[Short text fragments from websites]
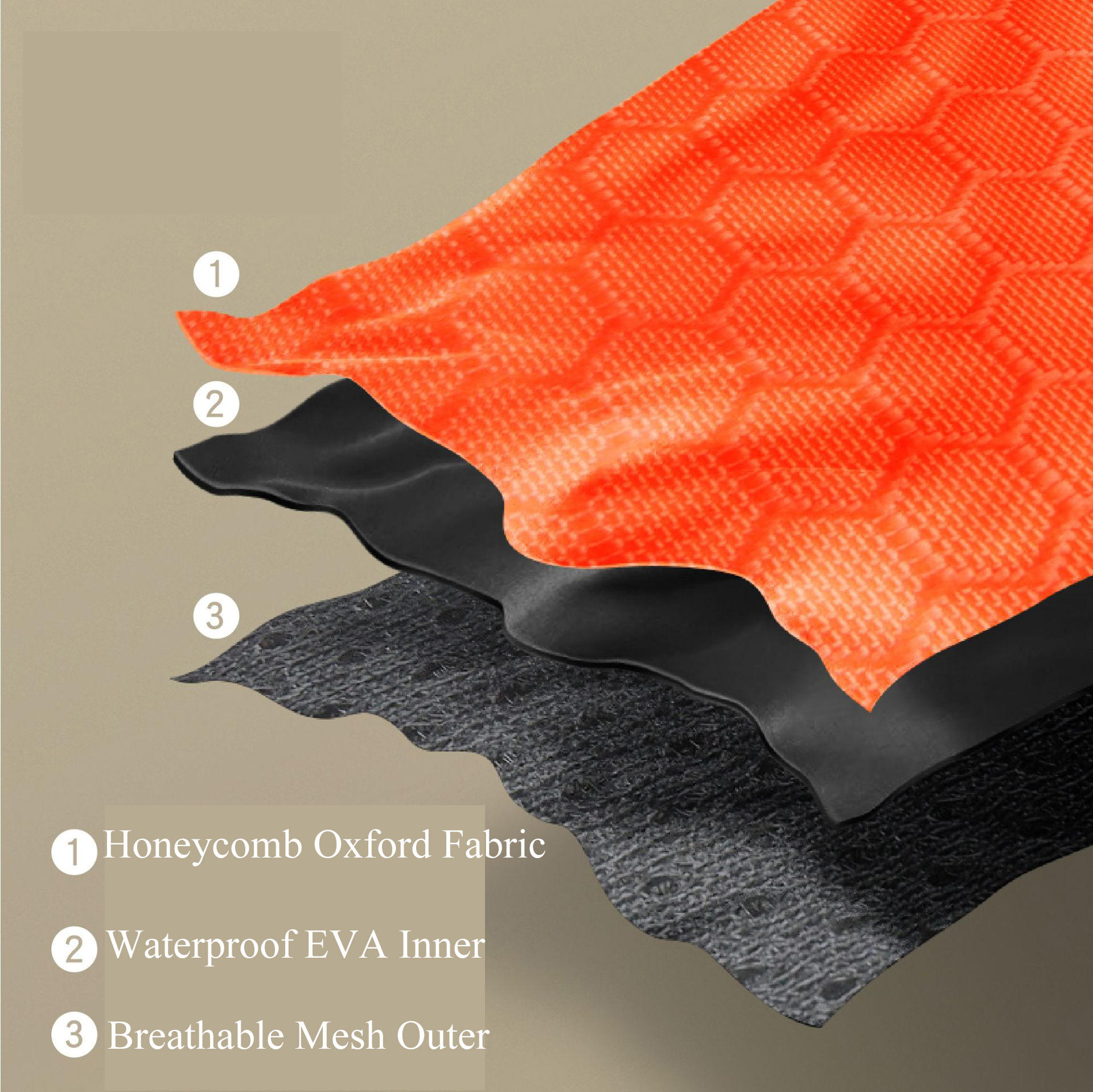 Pet Harnesses accesorios Oxford Cloth Reflective Adjustable EVA Inner Breathable Comfortable Dog Vest — image 3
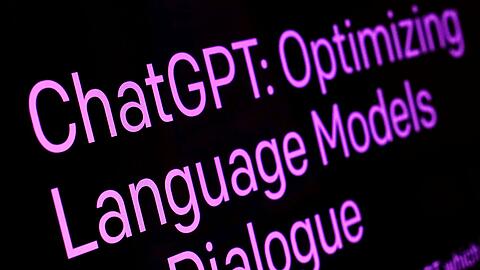 Das Start-up OpenAI und sein Text-Automat ChatGPT bleiben im Gespräch.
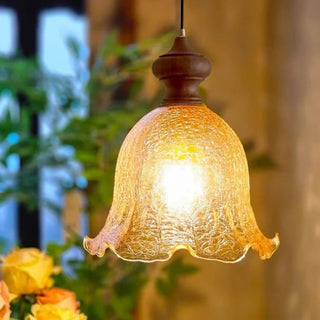 Celako™ Melora Pendant Light | Glass Mid Century Modern Bedroom Lighting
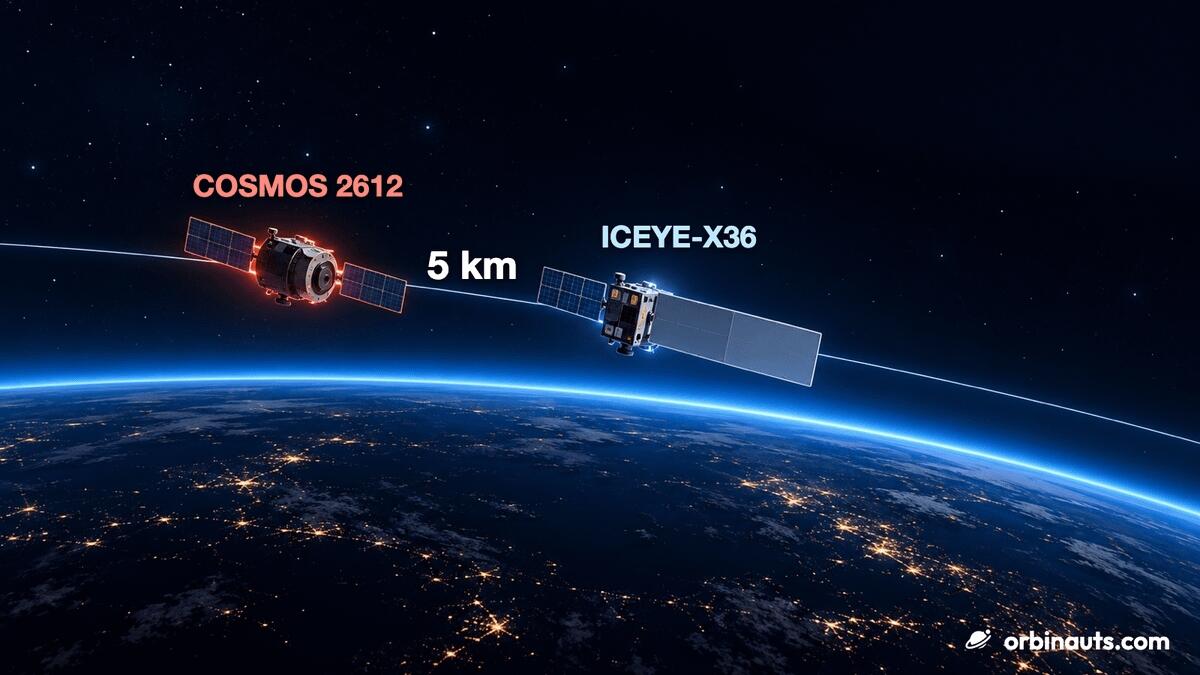 Space War Fears Rise As Russian Satellite Makes Dangerous Maneuver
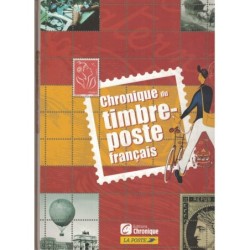 copy of CHRONIQUE DU TIMBRE-POSTE FRANCAIS - EDITION LA POSTE -2005.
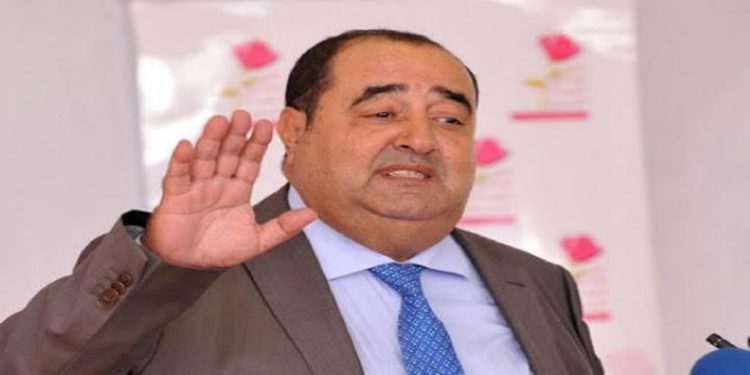 الموت يفجع الكاتب الأول للإتحاد الإشتراكي إدريس لشكر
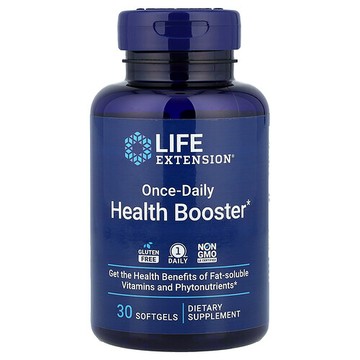Life Extension, 每日一次健康補劑（軟膠囊），30 粒裝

* _What to do_:
Each line from the one holding "الموت يفجع الكاتب" down to the end of the records is to be reproduced unaltered, and the pictures are to be omitted.

* _Response area_:
 الموت يفجع الكاتب الأول للإتحاد الإشتراكي إدريس لشكر
Life Extension, 每日一次健康補劑（軟膠囊），30 粒裝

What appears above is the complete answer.